Mittelrhein. Die Menschen stöhnen unter den heißen Bedingungen der späten Julitage. In der Landwirtschaft bleibt dafür allerdings keine Zeit, denn es gibt jede Menge zu tun. Im Weinbau ist dies nicht anders, denn auch hier sorgt die Witterung für ein rekordverdächtiges Tempo. Alles läuft darauf zu, dass ein extrem früher Lesebeginn ansteht – und ein tolles Ergebnis. Die Hitze ist für die Winzer dabei weniger ein Problem als die Ungewissheit, ob die derzeit positiven Aussichten auch ein glückliches Finale finden.
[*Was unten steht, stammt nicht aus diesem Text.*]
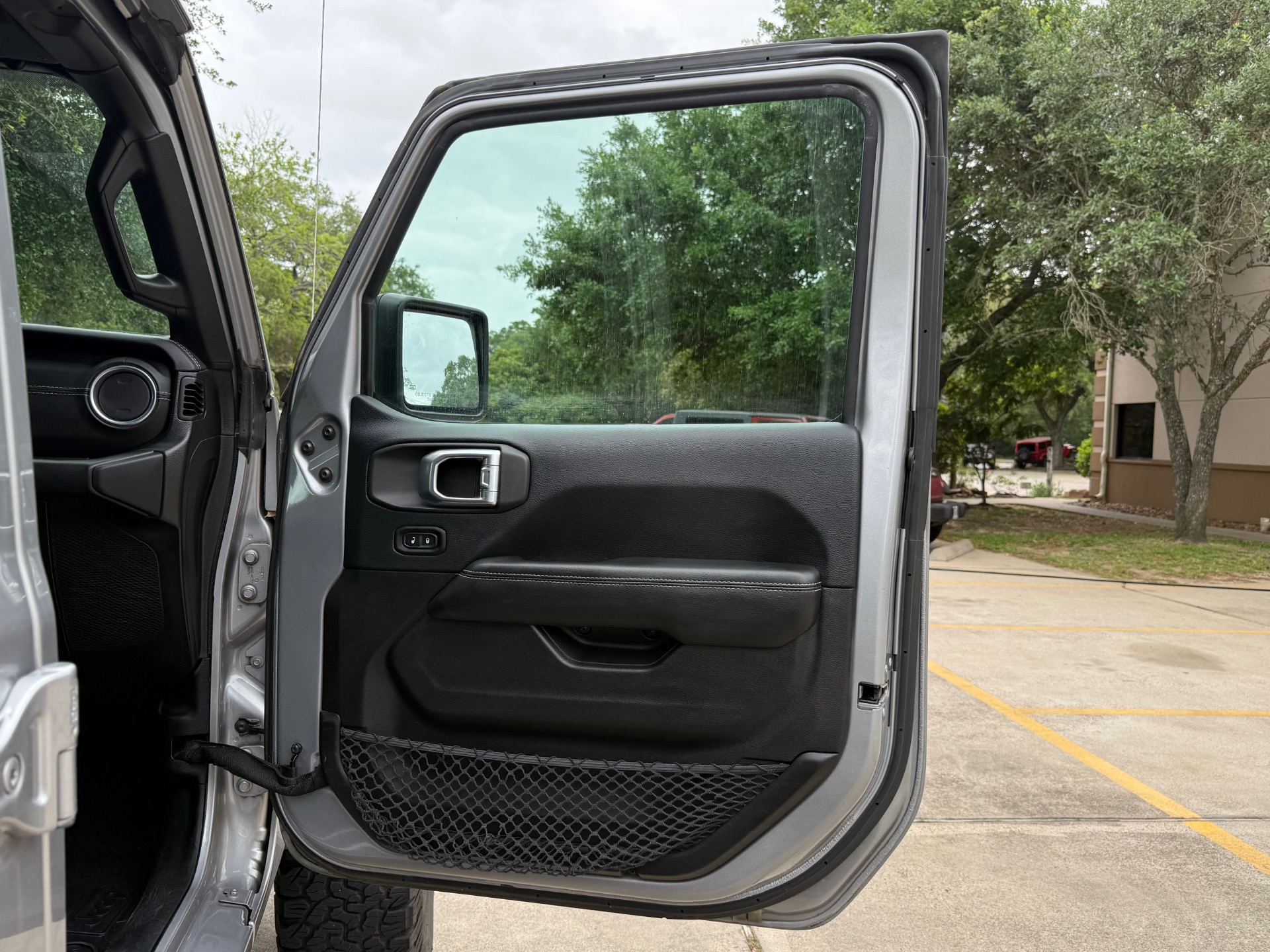 Used-2018-Jeep-Wrangler-Unlimited-Sahara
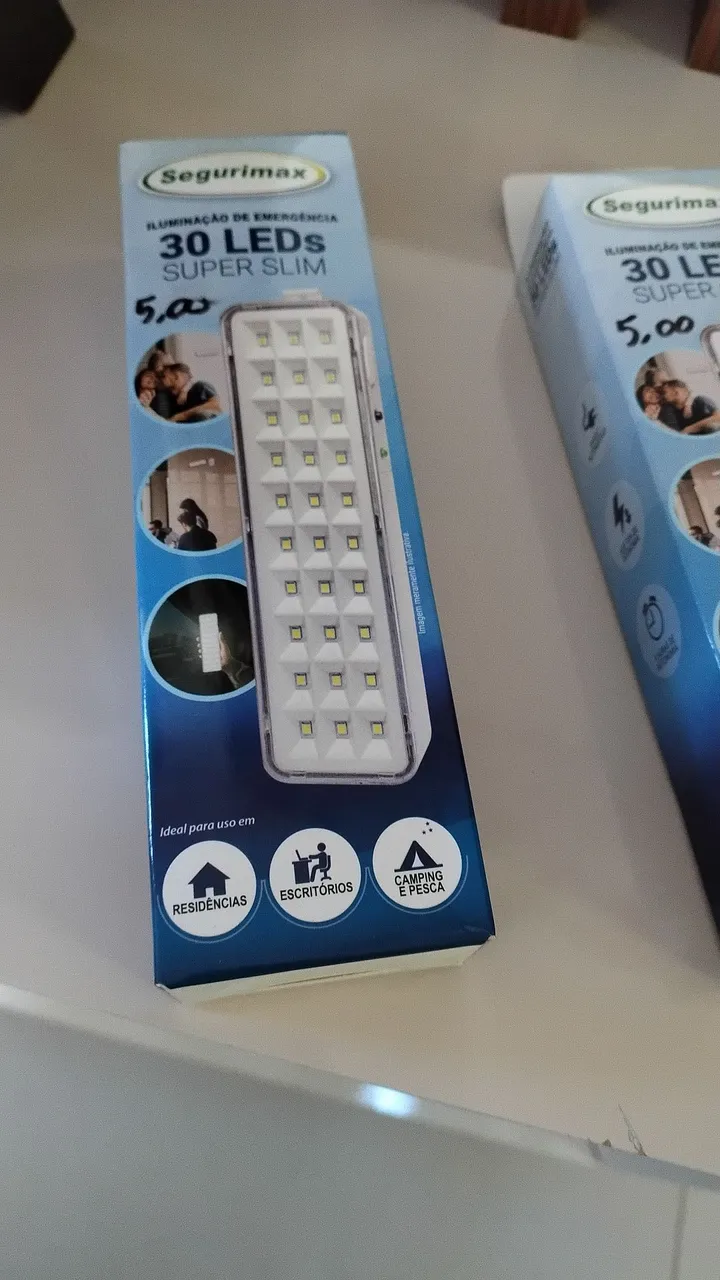 Luminária de Emergência 30 LEDs Super Slim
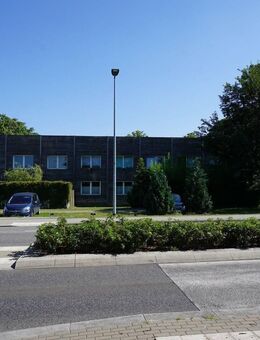 Drei Mehrfamilienhäuser auf großem Grundstück mit Erweiterungs- oder Neubaupotenzial - Teltow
Es gibt schlechtere Plätze, den Sommer zu spüren als diesen zu Füßen der Fürstenberg. Die Burgruine im Rücken, sitzt es sich im Weinberg von Jochen Ratzenberg hoch über den Häusern von Oberdiebach äußerst italienisch. Die Sonne strahlt satt von oben, unten flimmert die Wasseroberfläche des Rheins im Tal, Ausflugsschiffe fahren den Strom entlang. Hier im Fürstenberg bietet die Natur ein famoses Schauspiel. Der Blick des Bacharacher Winzers geht in diesem Weinberg immer wieder ins Rund des Panoramablicks, wenngleich er in den zurückliegenden Wochen angesichts einer explosionsartigen Vegetation extrem viel zu tun hatte. Zuletzt war vor allem die Qualitätsarbeit gefragt, das Reduzieren von Blattwerk und Trauben, das dem Jahrgang seine Klasse geben soll.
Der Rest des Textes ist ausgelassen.